## WORK ITEM
Take the line that contains "The Row Seruni" and each line after it to the end of the material below, and return them exactly, minus the pictures.

## RECORDS SUPPLIED
+ + +

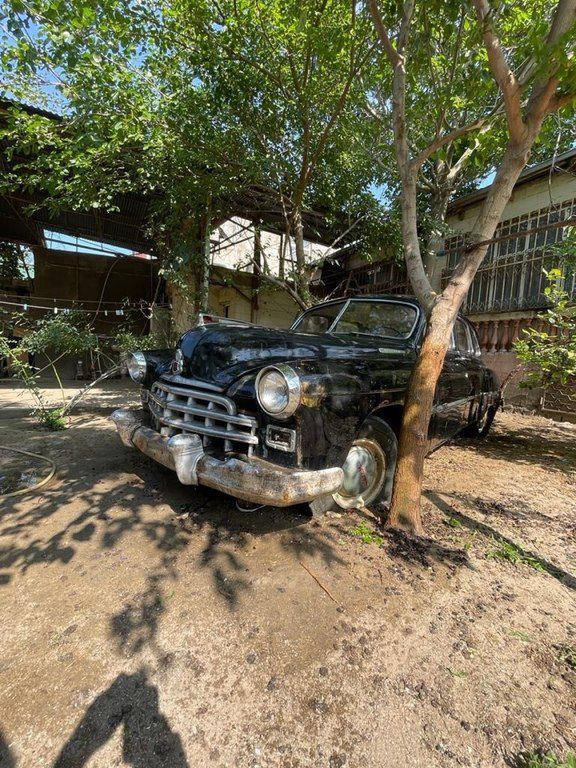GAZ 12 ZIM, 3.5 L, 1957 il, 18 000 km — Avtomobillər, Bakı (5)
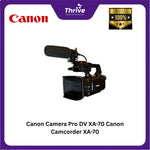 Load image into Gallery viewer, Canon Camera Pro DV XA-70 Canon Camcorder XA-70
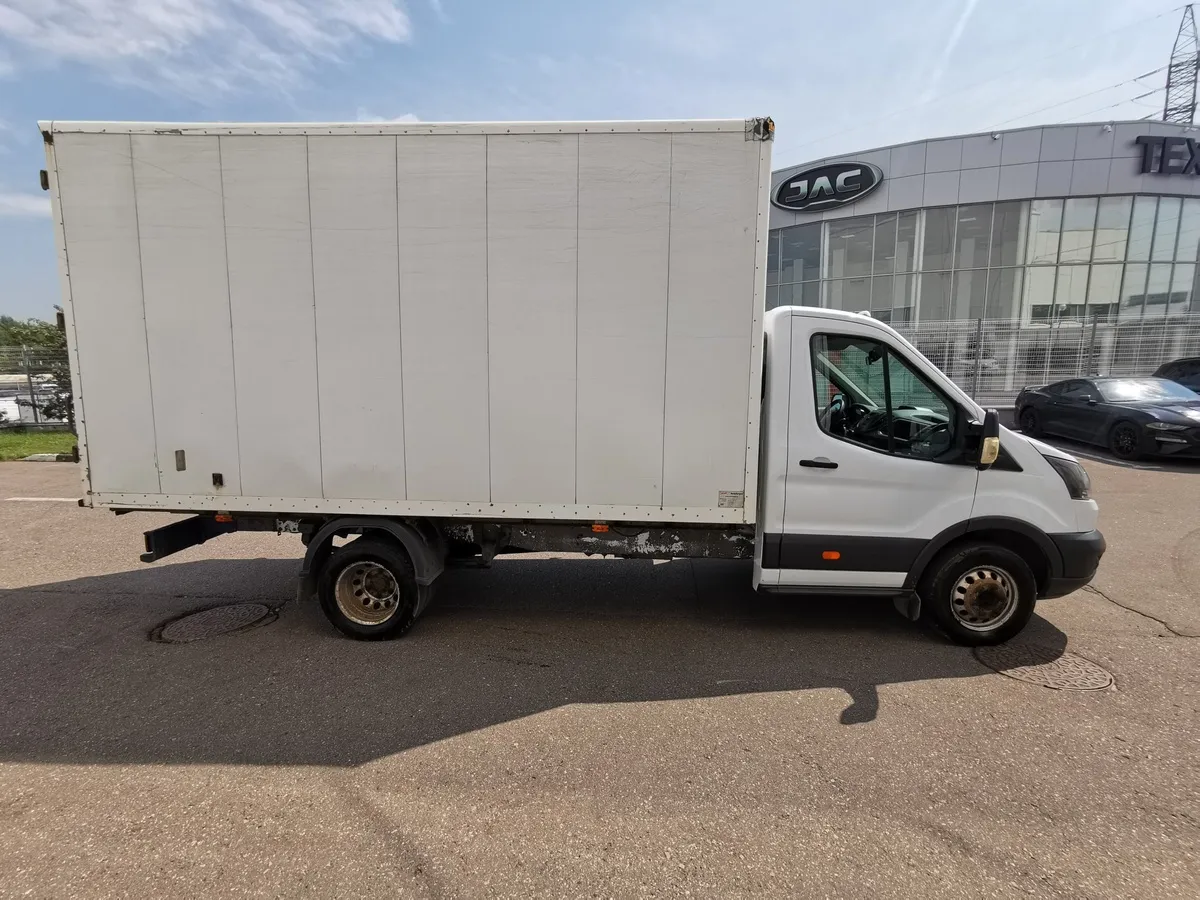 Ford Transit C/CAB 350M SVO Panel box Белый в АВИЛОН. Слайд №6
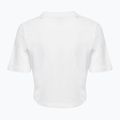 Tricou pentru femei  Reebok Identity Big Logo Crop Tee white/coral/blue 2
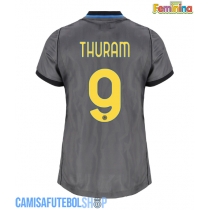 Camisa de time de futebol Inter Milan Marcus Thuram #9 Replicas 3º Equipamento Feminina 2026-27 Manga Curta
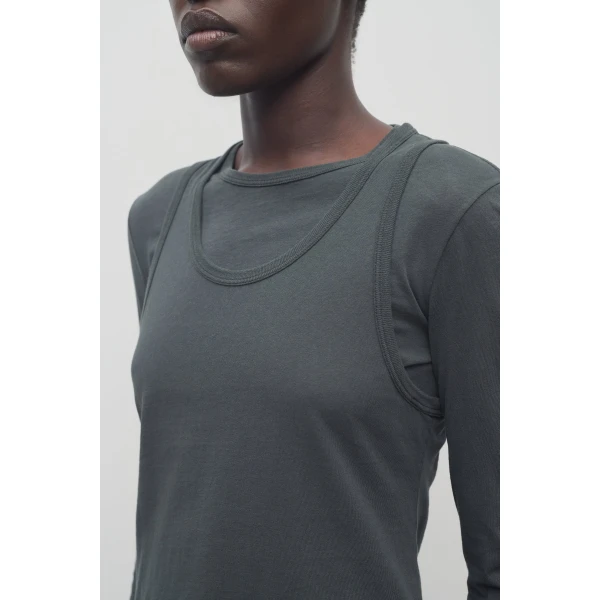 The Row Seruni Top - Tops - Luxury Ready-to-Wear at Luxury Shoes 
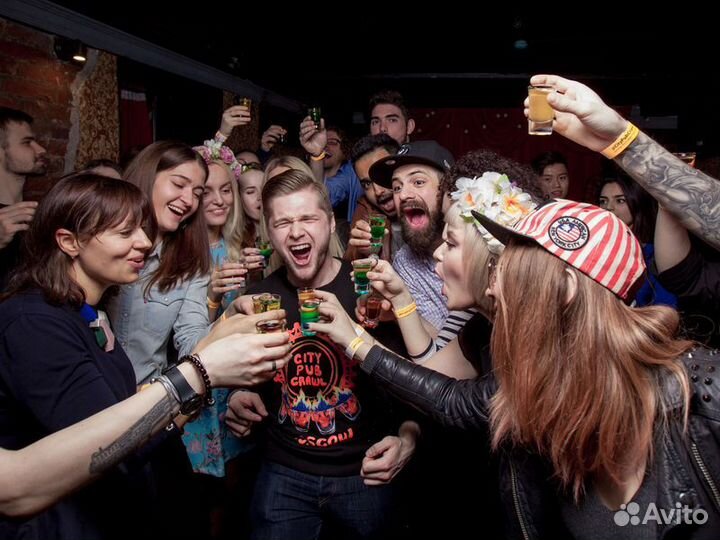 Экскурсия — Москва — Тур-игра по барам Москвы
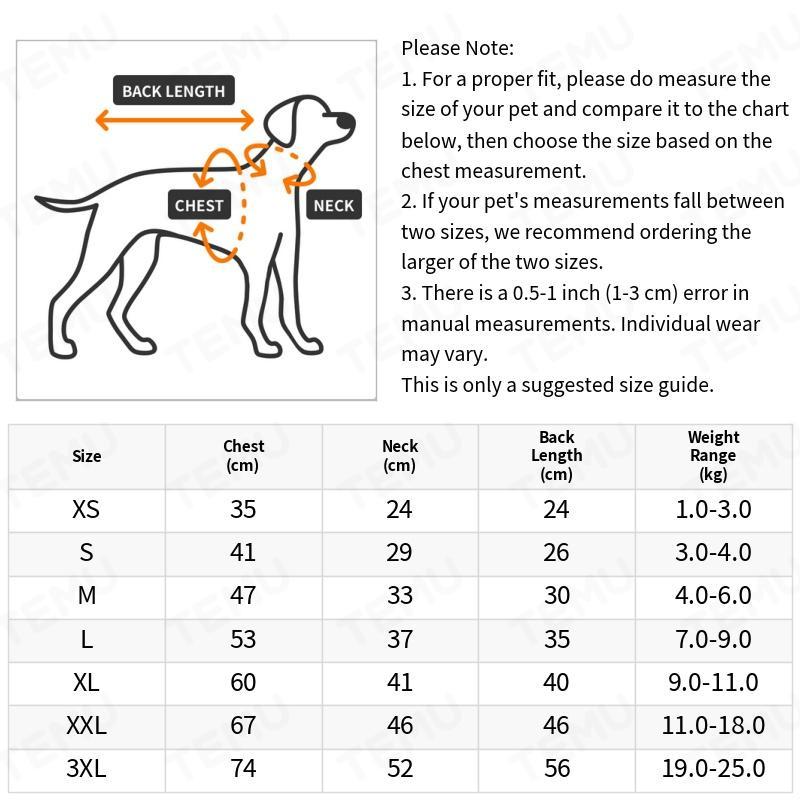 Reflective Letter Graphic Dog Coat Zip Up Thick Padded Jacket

+ + +

## RESULT BELOW
 The Row Seruni Top - Tops - Luxury Ready-to-Wear at Luxury Shoes 
 Экскурсия — Москва — Тур-игра по барам Москвы
 Reflective Letter Graphic Dog Coat Zip Up Thick Padded Jacket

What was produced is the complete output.